If you want corn, check out Landmark, Tractor Supply, or even our local Walmart has it. Make sure you get shelled corn instead of cracked. Cracked corn absorbs water and sours very quickly.


----------



## Darwin (Apr 12, 2004)

This time of year you can get corn from your local grain elavator on the ear or shelled. M.Magis is right, craked corn will absorb moisture and sour when wet!


----------



## H2O Mellon (Apr 5, 2004)

The Wallmart in Lgan sells shelled corn for $4.68 a bag, bagged my Moultrie. The feed store I buy it add charges $3.25 for a 50 lb bag. They also sell Molases for 17 cents a pound (wet).

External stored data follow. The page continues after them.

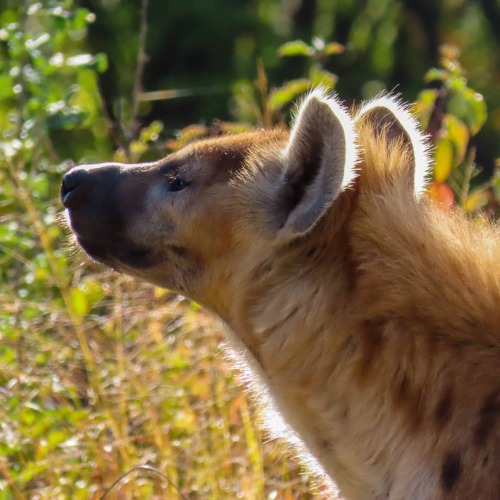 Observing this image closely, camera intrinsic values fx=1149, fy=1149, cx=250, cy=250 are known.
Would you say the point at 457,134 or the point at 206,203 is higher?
the point at 206,203

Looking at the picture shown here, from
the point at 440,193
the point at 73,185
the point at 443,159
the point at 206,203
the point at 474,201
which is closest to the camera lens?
the point at 206,203

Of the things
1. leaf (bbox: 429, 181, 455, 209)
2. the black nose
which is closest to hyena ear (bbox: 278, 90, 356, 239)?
the black nose

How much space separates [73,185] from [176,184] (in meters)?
0.29

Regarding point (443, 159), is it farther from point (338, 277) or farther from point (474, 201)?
point (338, 277)

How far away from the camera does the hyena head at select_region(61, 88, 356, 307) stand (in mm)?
2771

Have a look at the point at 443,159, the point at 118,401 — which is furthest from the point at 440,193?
the point at 118,401

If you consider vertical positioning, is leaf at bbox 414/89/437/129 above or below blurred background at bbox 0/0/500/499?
above

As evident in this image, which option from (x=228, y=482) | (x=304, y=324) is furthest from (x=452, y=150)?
(x=304, y=324)

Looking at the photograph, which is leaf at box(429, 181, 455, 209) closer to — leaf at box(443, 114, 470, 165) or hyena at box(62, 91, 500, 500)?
leaf at box(443, 114, 470, 165)

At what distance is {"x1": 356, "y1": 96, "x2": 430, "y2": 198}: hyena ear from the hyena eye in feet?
1.67

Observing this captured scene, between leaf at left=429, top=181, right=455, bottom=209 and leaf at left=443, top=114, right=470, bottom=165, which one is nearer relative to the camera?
leaf at left=429, top=181, right=455, bottom=209

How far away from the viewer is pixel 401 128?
3182 millimetres

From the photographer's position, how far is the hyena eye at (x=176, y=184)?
3031 mm

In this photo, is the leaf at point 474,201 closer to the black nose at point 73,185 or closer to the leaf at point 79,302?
the leaf at point 79,302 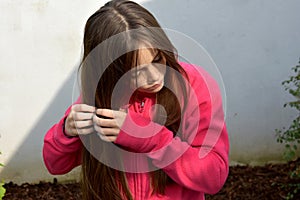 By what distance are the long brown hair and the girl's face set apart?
2 centimetres

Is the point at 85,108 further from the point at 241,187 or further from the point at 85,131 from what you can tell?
the point at 241,187

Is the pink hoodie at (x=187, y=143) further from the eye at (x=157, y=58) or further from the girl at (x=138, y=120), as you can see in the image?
the eye at (x=157, y=58)

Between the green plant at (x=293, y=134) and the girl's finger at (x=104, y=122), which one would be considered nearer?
the girl's finger at (x=104, y=122)

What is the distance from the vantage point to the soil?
4121 mm

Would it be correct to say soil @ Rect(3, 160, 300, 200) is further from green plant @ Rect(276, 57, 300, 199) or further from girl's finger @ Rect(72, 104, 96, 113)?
girl's finger @ Rect(72, 104, 96, 113)

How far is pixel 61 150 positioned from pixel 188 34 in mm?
2608

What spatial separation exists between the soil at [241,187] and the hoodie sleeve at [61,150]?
2402 mm

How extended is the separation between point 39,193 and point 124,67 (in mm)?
2899

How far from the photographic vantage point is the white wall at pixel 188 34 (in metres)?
4.09

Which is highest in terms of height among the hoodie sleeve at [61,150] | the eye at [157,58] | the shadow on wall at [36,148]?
the eye at [157,58]

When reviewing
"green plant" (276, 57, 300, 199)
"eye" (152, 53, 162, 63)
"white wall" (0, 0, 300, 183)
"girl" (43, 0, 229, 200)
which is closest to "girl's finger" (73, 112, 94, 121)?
"girl" (43, 0, 229, 200)

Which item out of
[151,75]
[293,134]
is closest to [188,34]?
[293,134]

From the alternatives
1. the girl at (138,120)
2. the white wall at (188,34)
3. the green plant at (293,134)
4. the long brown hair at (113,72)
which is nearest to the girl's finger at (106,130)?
the girl at (138,120)

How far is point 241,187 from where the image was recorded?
166 inches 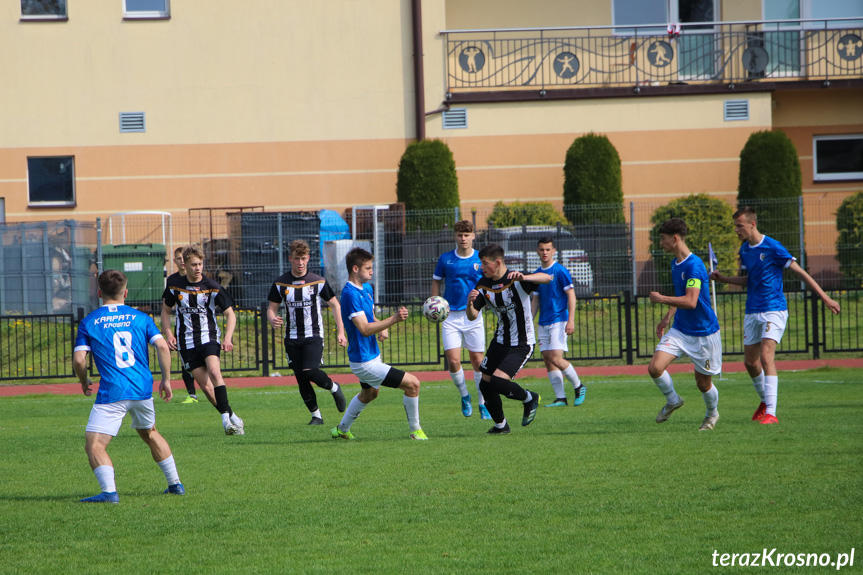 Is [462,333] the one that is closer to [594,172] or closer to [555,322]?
[555,322]

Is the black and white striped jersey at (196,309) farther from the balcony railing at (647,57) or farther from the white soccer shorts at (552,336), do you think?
the balcony railing at (647,57)

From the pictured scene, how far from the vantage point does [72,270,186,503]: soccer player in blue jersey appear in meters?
6.41

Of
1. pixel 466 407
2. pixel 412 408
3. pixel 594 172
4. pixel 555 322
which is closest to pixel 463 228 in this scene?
pixel 555 322

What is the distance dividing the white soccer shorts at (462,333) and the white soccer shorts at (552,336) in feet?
3.89

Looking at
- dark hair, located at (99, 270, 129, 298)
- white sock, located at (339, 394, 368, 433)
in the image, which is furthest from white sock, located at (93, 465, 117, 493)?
white sock, located at (339, 394, 368, 433)

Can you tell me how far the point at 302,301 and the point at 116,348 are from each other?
13.8 ft

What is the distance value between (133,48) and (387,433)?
59.1 ft

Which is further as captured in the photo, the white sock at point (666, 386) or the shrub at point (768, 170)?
the shrub at point (768, 170)

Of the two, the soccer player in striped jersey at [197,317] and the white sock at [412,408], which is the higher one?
the soccer player in striped jersey at [197,317]

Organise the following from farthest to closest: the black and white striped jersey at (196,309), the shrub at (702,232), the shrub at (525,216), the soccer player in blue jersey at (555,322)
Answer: the shrub at (525,216)
the shrub at (702,232)
the soccer player in blue jersey at (555,322)
the black and white striped jersey at (196,309)

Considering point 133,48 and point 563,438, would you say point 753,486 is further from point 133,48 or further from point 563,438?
point 133,48

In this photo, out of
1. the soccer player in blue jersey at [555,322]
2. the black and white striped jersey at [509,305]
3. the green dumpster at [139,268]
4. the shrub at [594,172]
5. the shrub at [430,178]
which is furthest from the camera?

That stuff really keeps the doe in there.


----------



## Procraftboats21 (Apr 6, 2004)

shelled corn seems to work alot better than cracked, tractor supply carries it for $ 5.30 for 50 pounds


----------



## ski (May 13, 2004)

If you live on the west side, try the bird supply store on riverside drive just north of Hayden Run/Bethel Rd. That's where I get mine. 
ski


----------



## Header (Apr 14, 2004)

If you really want to attract the deer go to a feed mill and get the sweet feed for horses. Its maylasis(sp) based, and really smells good. Has corn & oats mixed in.


----------